While readying The 100 Best for it's updated paperback release this fall, we spent some extra time with the books we featured briefly in our Takeaway chapter of the book, expanding the reviews to include more detail. It was especially fun for us to revisit Thinkertoys not only because some of the content is reminiscent of those variety puzzle magazines found in drugstores that we all secretly and not-so-secretly love, but because of it's applicability. Just as the subtitle--A Handbook of Creative-Thinking Techniques--says, Thinkertoys can help those aforementioned folks who aren't the creative type learn how to be creative. That's the important word here: learn. No, not everyone is creative. But creativity, according to Michalko, can be self-taught, cultivated, discovered. You can choose to BE creative.
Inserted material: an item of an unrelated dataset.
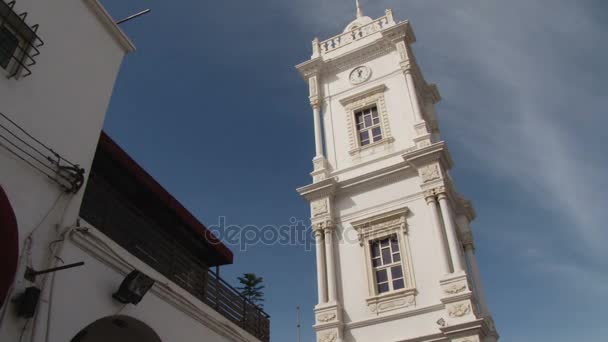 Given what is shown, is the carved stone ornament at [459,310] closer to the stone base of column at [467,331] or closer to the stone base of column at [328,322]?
the stone base of column at [467,331]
And Michalko knows a thing or two about getting creativity-resistant organizations to change. His website bio explains:
As an officer in the United States Army, Michael organized a team of NATO intelligence specialists and international academics in Frankfurt, Germany, to research, collect, and categorize all known inventive-thinking methods. His international team applied those methods to various NATO military, political, and social problems and in doing so it produced a variety of breakthrough ideas and creative solutions to new and old problems. After leaving the military, Michael facilitated CIA think tanks using his creative thinking techniques.Just a visit to his website, not unlike PhysOrg in its wealth of references, which yields an absolutely stunning assortment of articles, interviews, resources: a veritable practicum. You can also follow Michalko via his blog on Psychology Today. But perhaps his work is best appreciated in book form, where you can scribble in the margins, and bend the pages, and carry it over to your coworker's cubicle to test them on one of his thought experiments. Yes, make sure you have a pen when you are opening up one of Michalko's books, and we are all very lucky that he has a new one available for us to learn from, titled Creative Thinkering. In Creative Thinkering, Michalko challenges us to put our imaginations to work and believes with a great passion that everyone is creative. Or should be. Or can be. It is as though we've unlearned creativity. "We've been educated to process information based on what has happened in the past, what past thinkers thought, what exists now. Once we think we know how to get the answer, based on what we have been taught, we stop thinking," he explains in the Introduction, and then immediately proceeds to challenge the way you think with some mind-bending games. In this new book, Michalko wants to teach us conceptual blending, "which is the act of combining, or relating, unrelated items in order to solve problems, create new ideas, and even rework old ideas....It is no coincidence that the most creative and innovative people throughout history have been experts at forcing new mental connections via the conceptual blending of unrelated objects." And once again, the material he presents throughout the book is entertaining but also so very do-able. Through the exercises and insights in his books, Michalko provides the material to train even the most creatively-blind how to open his or her eyes to their own and others' creative ideas.